Internships pose an array of challenges, of course. Curriculum, assessment, schedules, staffing, and transportation must be modified; and liability coverage should be confirmed for off-site activities. Inadequate screening can lead to disappointing placements, and internships can fall through at the last minute. Some students will need extra support, and others will fall short of expectations. Students can't be penalized for problems that were beyond their control, and students who fall short during scheduled internship times may need to complete one on their own time. Lessons learned from early years of the program reduce but do not eliminate these challenges, so flexibility and good humor—fortified by seeing students have wonderful learning experiences—remain essential.

Getting Started and Scaling Up

Schools throughout the United States are developing internship programs within reasonable time frames and budgets, so enterprising schools should feel confident in their ability to get started. Four Rivers set the basic parameters of its program during summer 2006 and started internships that same school year. The ambitious schedule called for some quick decisions as the year progressed, but the program was a great success and laid the groundwork for improvements each year.
New and existing programs would benefit from improved access to field-tested program materials, detailed implementation guidelines, research on effective practices, and professional development opportunities with internship program veterans. The Internship Network supports internship program development and facilitates sharing of ideas and resources, and Big Picture Learning and the National Academy Foundation make some of their materials available online.
Teenagers yearn to explore their interests in real-world settings, educators are recognizing the power of internships for student engagement and learning, and many host organizations are providing mentorship. With growing momentum and support, educators and communities could soon make this promising innovation available to all high school students.
References

Dewey, J. (1938). Experience and education. New York: Collier Books.

Expeditionary Learning Schools. (2003).Core practice benchmarks. Garrison, NY: Author.

Hamilton, M. A., & Hamilton, S. F. (1997). When is work a learning experience? Phi Delta Kappan, 78(9), 682–689.

Kemple, J. J., Poglinco, S. M., & Snipes, J. C. (1999). Career academies: Building career awareness and work-based learning activities through employer partnerships. New York: Manpower Demonstration Research Corporation.

Levine, E. (2002). One kid at a time: Big lessons from a small school. New York: Teachers College Press.
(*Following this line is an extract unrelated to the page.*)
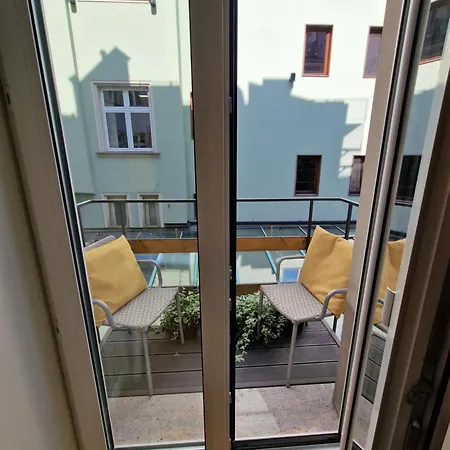 Avanti Centro 3*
Littky, D., with Grabelle, S. (2004). The big picture: Education is everyone's business. Alexandra, VA: ASCD.

National Academy Foundation. (2010). Preparing youth for life: The gold standards for high school internships. New York: Author.
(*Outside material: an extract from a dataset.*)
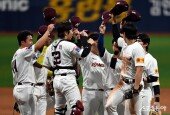 키움, LG 꺾고 5연승 질주~
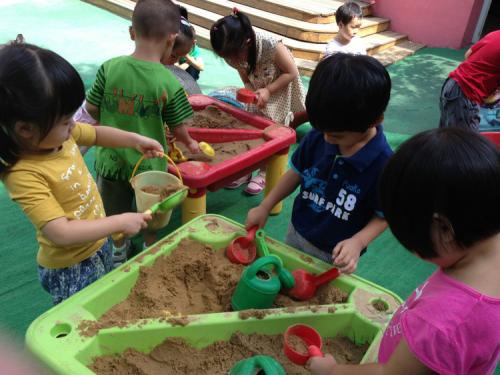 幼儿园家庭作业画妈妈,幼儿园作业画我家的家具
National Association of Secondary School Principals. (2004). Breaking ranks II: Strategies for leading high school reform. Reston, VA: Author.

Washor, E., & Mojkowski, C. (2006/2007). What do you mean by rigor? Educational Leadership, 64(4), 84–87.

Westrich, K., & Leonard, J. (2008, March).Connecting activities: Making the workplace a learning place (Education Research Brief). Malden: Massachusetts Department of Elementary and Secondary Education. Retrieved from www.doe.mass.edu/research/reports/0308connectactivities.pdf.